Titik tekan adalah pada regulasi soal suku bunga yang proporsional. Inilah bentuk keberpihakan negara dan juga orang kaya kepada bangsa. Benar bahwa para taipan memiliki uang yang tiada terbatas. Mereka depositokan itu ke bank di luar negeri pun adalah hak setiap warga Negara. Menunggu sampai nilai saham terkerek cukup tinggi sehingga hasil penjualan saham dalam kisaran lumayan, juga aktivitas ekonomi yang diperbolehkan.
Namun, kita berbicara dalam sebuah system keuangan yang terdiri dari banyak faktor. Kita bicara untuk kemaslahatan sebuah entitas Negara. Maka itu, kita berharap edukasi kepada segelintir pemilik modal berjalan dengan baik. berusahalah untuk tetap menjaga kesetimbangan dalam system keuangan yang dibangun ini. Jangan sampai, keuntungan yang dikeruk kemudian membuat susah rakyat banyak dan rakyat kebanyakan.
Tugas menjaga “nasionalisme stabilitas sistem keuangan” memang penting disematkan kepada Otoritas Jasa Keuangan. Sebab, lembaga ini bertujuan mengatur dan mengawasi lembaga keuangan perbankan, yang meliputi kelembagaan, kehati-hatian, dan pemeriksaan bank. Tugas penting ini, menurut hemat penulis dan sudah dikemukakan di atas, mesti ditambah dengan mengupayakan edukasi agar pemilik kapital besar mau mengontribusikan dananya untuk sector riil. Dengan begitu, usaha rakyat akan bergerak. Setidaknya, kalangan bawah ini punya pendapatan saban bulan. Ini memungkinkan mereka bisa membiayai hidup dan mencicil kredit rumah sederhana yang bakal diprogramkan Presiden Joko Widodo. Barangkali, inilah pengejawantahan nasionalisme dalam ruang lingkup stabilitas system keuangan Indonesia.

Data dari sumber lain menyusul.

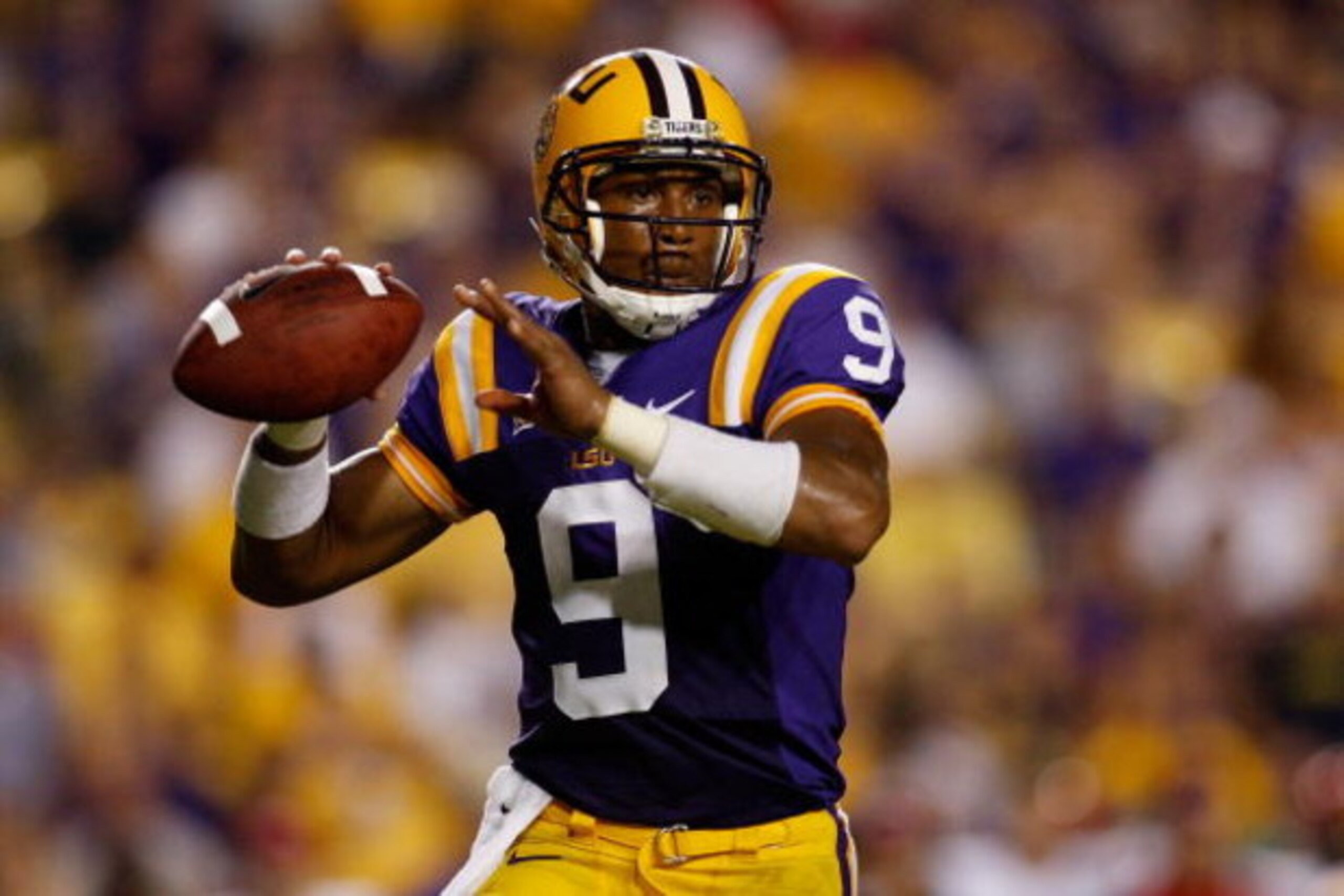 BATON ROUGE, LA - SEPTEMBER 19:  Jordan Jefferson #9 of the Louisiana State University Tigers looks to throw a pass against the University of Louisiana-Lafatette Ragin' Cajuns at Tiger Stadium on September 19, 2009 in Baton Rouge, Louisiana.  The Tigers d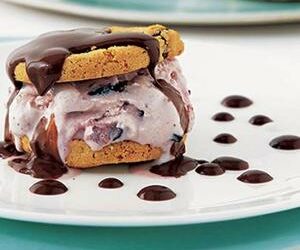 Chocolate-Chip Cookie & Ice-Cream Sandwiches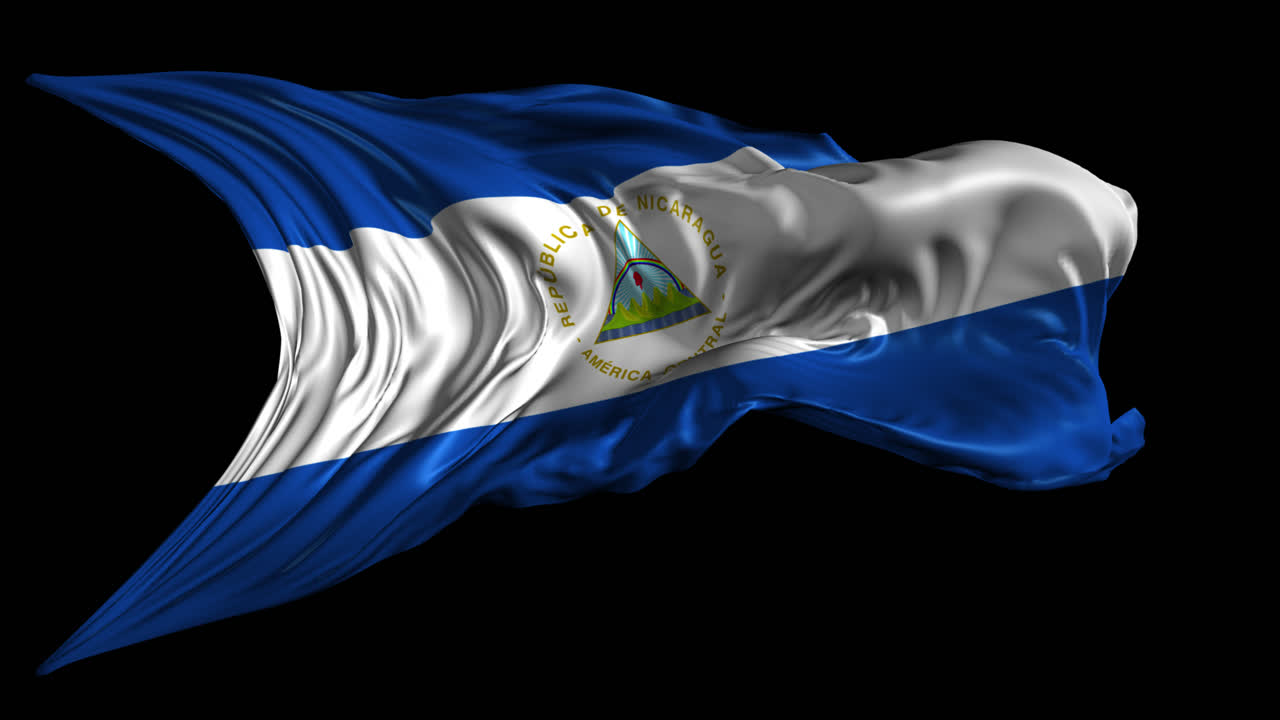 agitando la bandera de nicaragua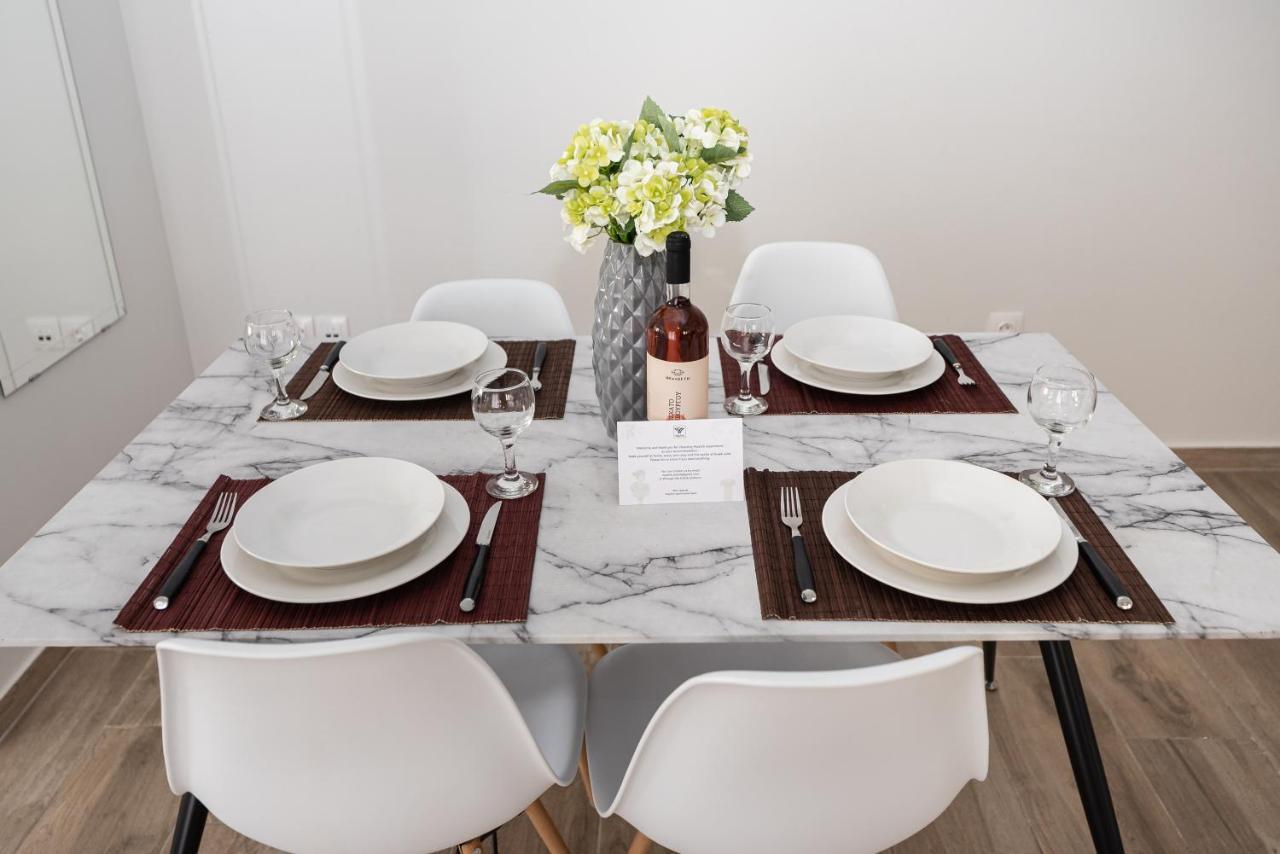 Design Apartment With Swimming Pool Near The Beach アテネ エクステリア 写真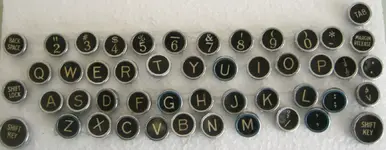 Typewritter-Keys.webp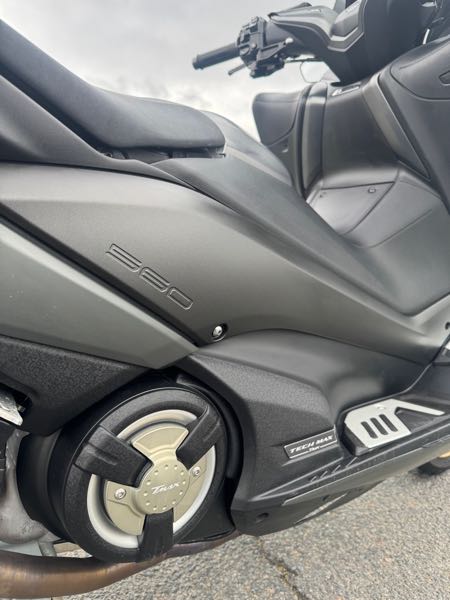 YAMAHA T-MAX TECH MAX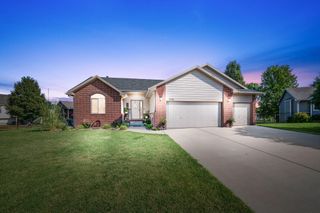 2541 E Ventnor Ct, Park City, KS 67219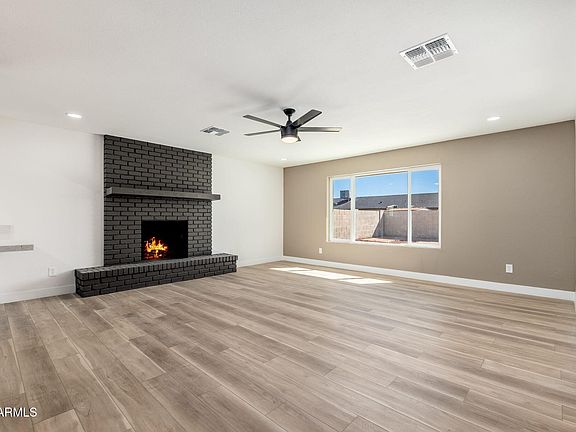 5th image of 10315 W HAZELWOOD Avenue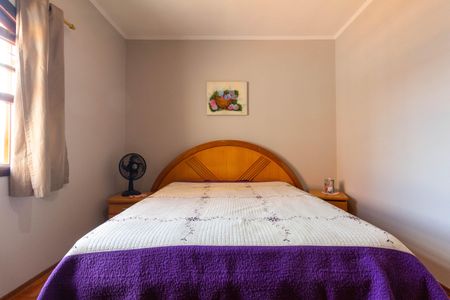 Casa à venda com 168m², 3 quartos e 2 vagas Casa à venda com 168m², 3 quartos e 2 vagasQuarto 1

Rasanya, nasionalisme tak sekadar didengungkan saat Indonesia bergerak menuju kemerdekaan. Dalam ranah keuangan ini, nasionalisme cukup penting untuk dijadikan isme yang menjadi latar dan kultur untuk menjaga stabilitas keuangan kita. Toh, semua regulasi yang dibuat, termasuk mengamanatkan kepada OJK sebagai regulator pengawasan dan pengaturan, adalah implementasi mewujudkan kemakmuran untuk rakyat.
Sistem keuangan tak melulu berkenaan dengan perhitungan yang rumit dengan segala item-nya. Namun, di balik itu, ada semangat agar semua warga Negara mengecap kehidupan yang lebih baik. Memang tak bakal merata. Kaya dan miskin tentu tetap ada. Namun, dengan sistem keuangan yang baik, gap antara keduanya tak bakal lebar. Ini yang akan menjaga rasa keadilan dari setiap warga, bahwa mereka juga bagian integral dari konstruksi sistem keuangan Negara. Rasanya, pantas jika “nasionalisme” ini diinformasikan secara luas dalam ranah sistem keuangan kita. Semoga ke depan bakal lebih baik. Tabik.